Researchers expose biases in datasets used to train AI models

Nitin Naresh December 21, 2018

0 837 3 minutes read

Artificial intelligence (AI) has a bias problem. Word embedding, a common algorithmic training technique that involves linking words to vectors, unavoidably picks up — and at worst amplifies — prejudices implicit in source text and dialogue. A 2016 study found that word embeddings in Google News articles tended to exhibit female and male gender stereotypes, for instance.
Fortunately, researchers are making headway in addressing it — or at least exposing the problem’s severity. In a paper published on the preprint server Arxiv.org (“What are the biases in my word embedding?“), scientists at Microsoft Research, Carnegie Mellon, and the University of Maryland describe an algorithm that can expose “offensive associations” related to sensitive issues like race and bias in publicly available embeddings, including supposedly “debiased” embeddings.
Their work builds on a University of California study that details a training solution capable of “preserve[ing] gender information” in word vectors while “compelling other dimensions to be free of gender influence.”
“We consider the problem of Unsupervised Bias Enumeration (UBE), discovering biases automatically from an unlabeled data representation,” the researchers wrote. “There are multiple reasons why one might want such an algorithm.
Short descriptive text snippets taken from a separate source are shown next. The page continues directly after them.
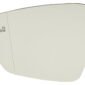 Left aspherical mirror glass with heating for Volkswagen T-roc 11.2017 -
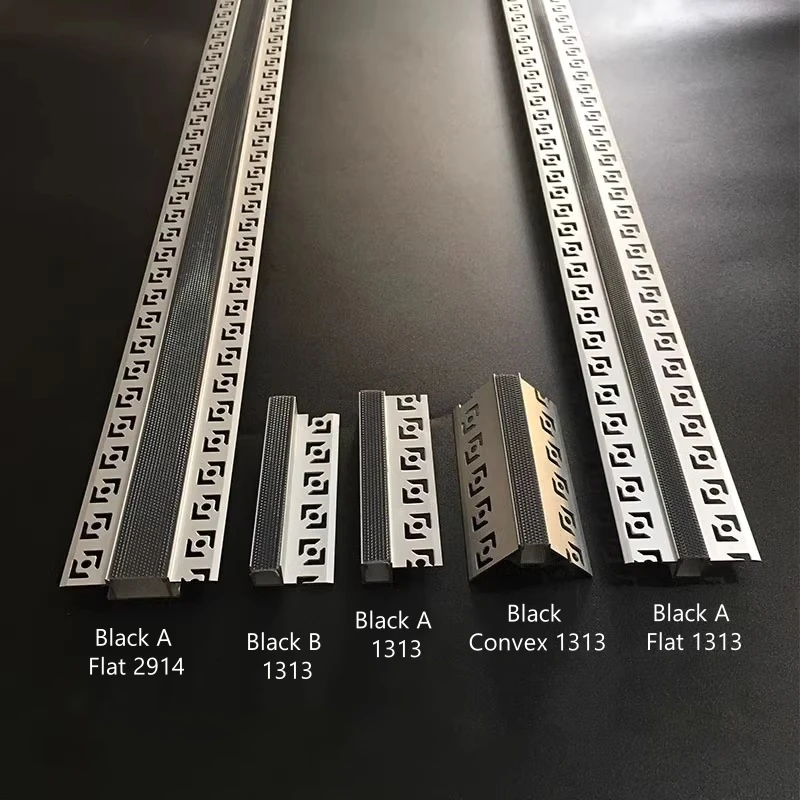 Recessed Wall LED Aluminum Profiles Anti-glare Honeycomb Diffuser Hidden Frameless Ceiling Gypsum Drywall Linear Strip Light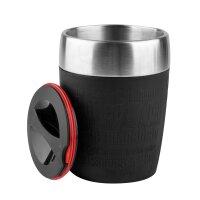 EMSA TRAVEL CUP 0,2 L Edelstahl mit Silikon-Manschette...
First, social scientists can use it as a tool to study human bias … Second, identifying bias is a natural step in ‘debiasing’ representations. Finally, it can help in avoiding systems that perpetuate these biases: problematic biases can raise red flags for engineers, while little or no bias can be a useful green light indicating that a representation is usable.”
The team’s model takes as input word embeddings and lists of target tokens, such as workplace versus family-themed words, and uses vector similarity across pairs of tokens to measure the strength of associations. Unsupervised — i.e., without requiring sensitive groups, such as gender or race, to be prespecified — it outputs “statistically significant” tests for racial, gender, religious, age, and other biases.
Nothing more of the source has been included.